_Data provided_:
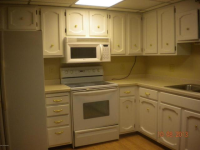 2100 Valkyrie Dr Nw Apt 103, Rochester, Minnesota Image #7445316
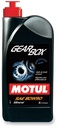 GEARBOX OIL 80W90 MOLY 1L MOTUL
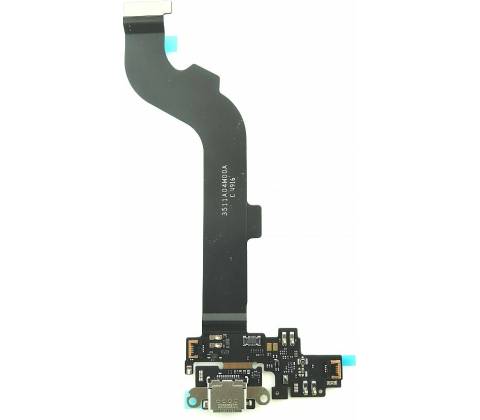 Xiaomi Note 2 charge flex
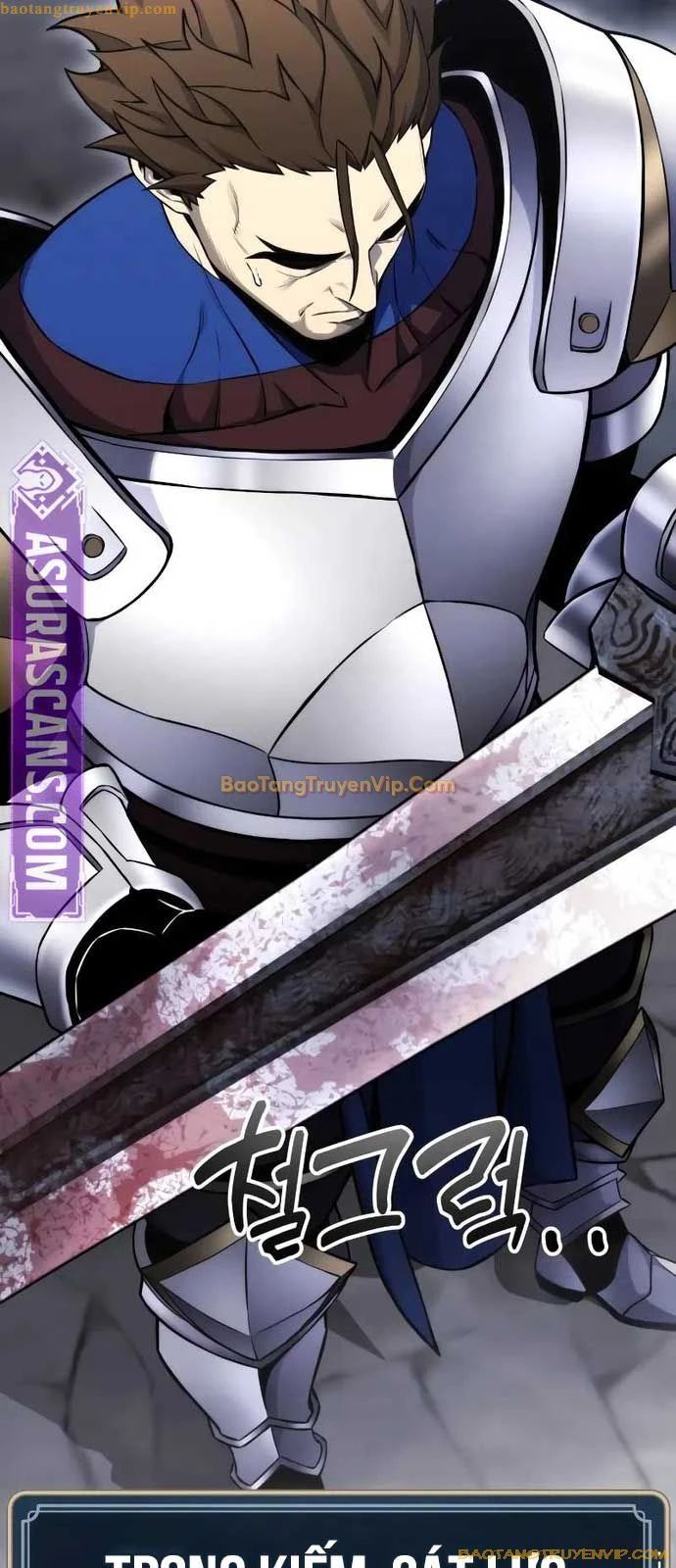 Player Phàm Thực - Chapter 3 - Page 168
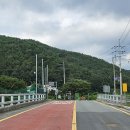 유산벨리골프연습장 | 남파랑길 10코스 창원구간 *구산초교.구서분교-유산고개-청량산산책로-해안둘레길-마산항입구...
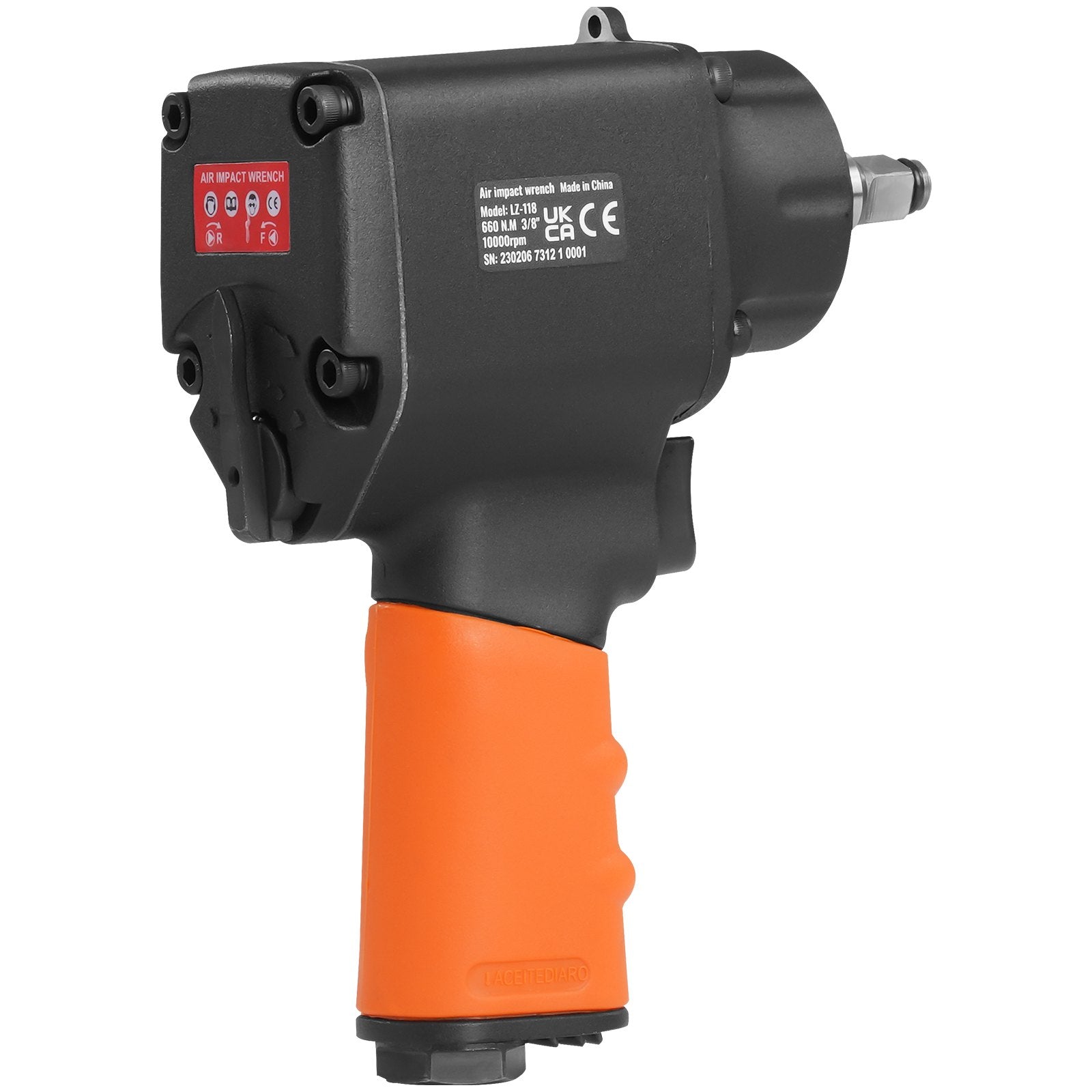 02cf1bbd-39ba-4e63-b3c9-1ae70e55f45c
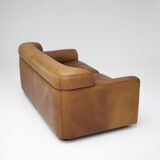 Durlet two seat sofa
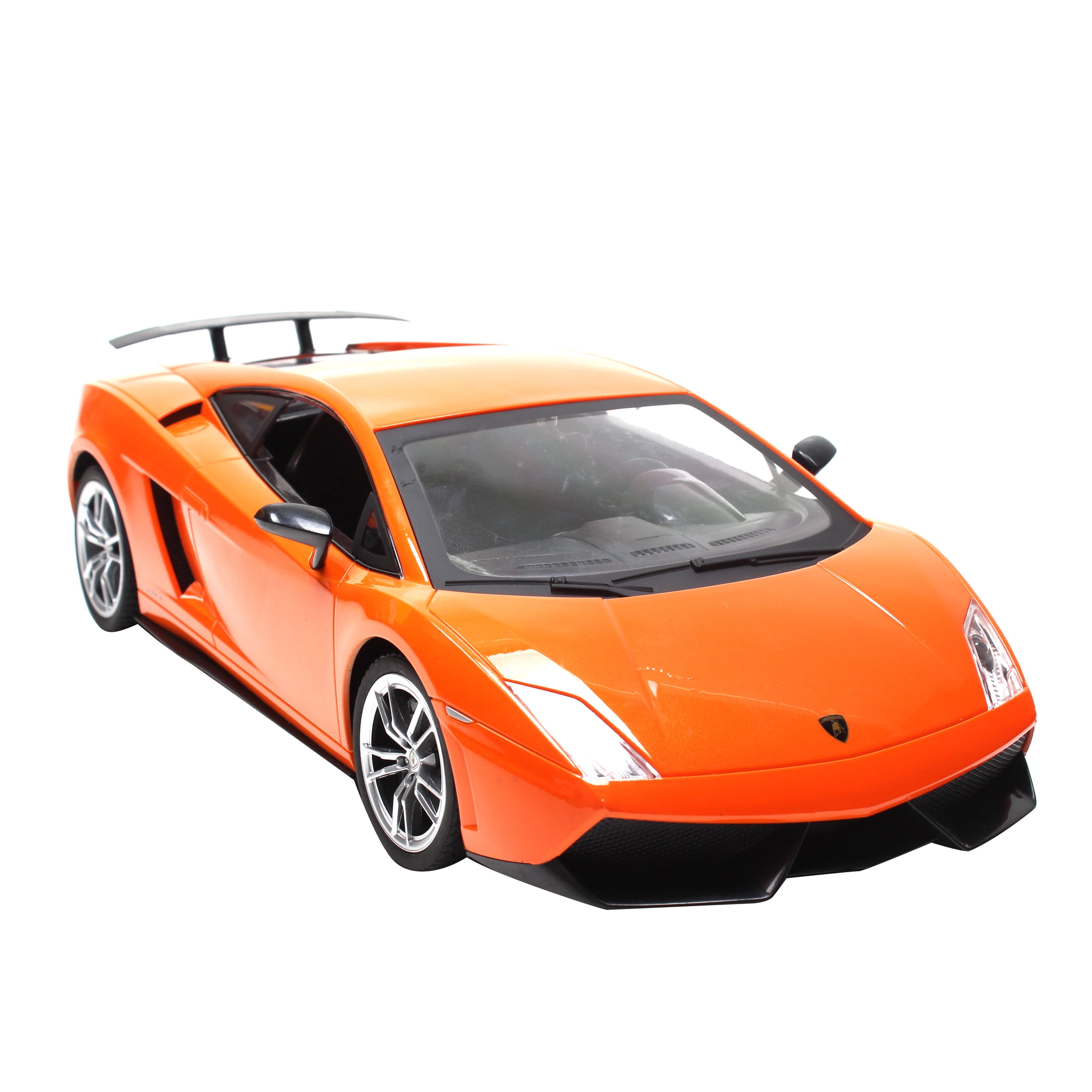 WonderTech All About Action! Licensed Lp570 114 Remote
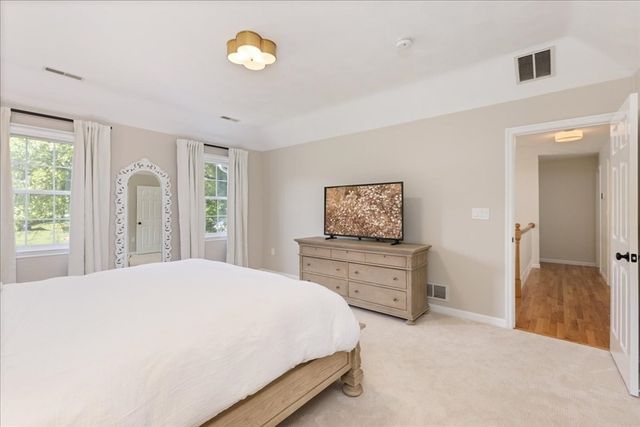 7 Fiorenza Dr., Wilmington, MA 01887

_Activity_: Drop the pictures, then reproduce exactly the lines from the one with "Durlet two seat sofa" through the final line of the listing.

_Answer section_:
 Durlet two seat sofa
 WonderTech All About Action! Licensed Lp570 114 Remote
 7 Fiorenza Dr., Wilmington, MA 01887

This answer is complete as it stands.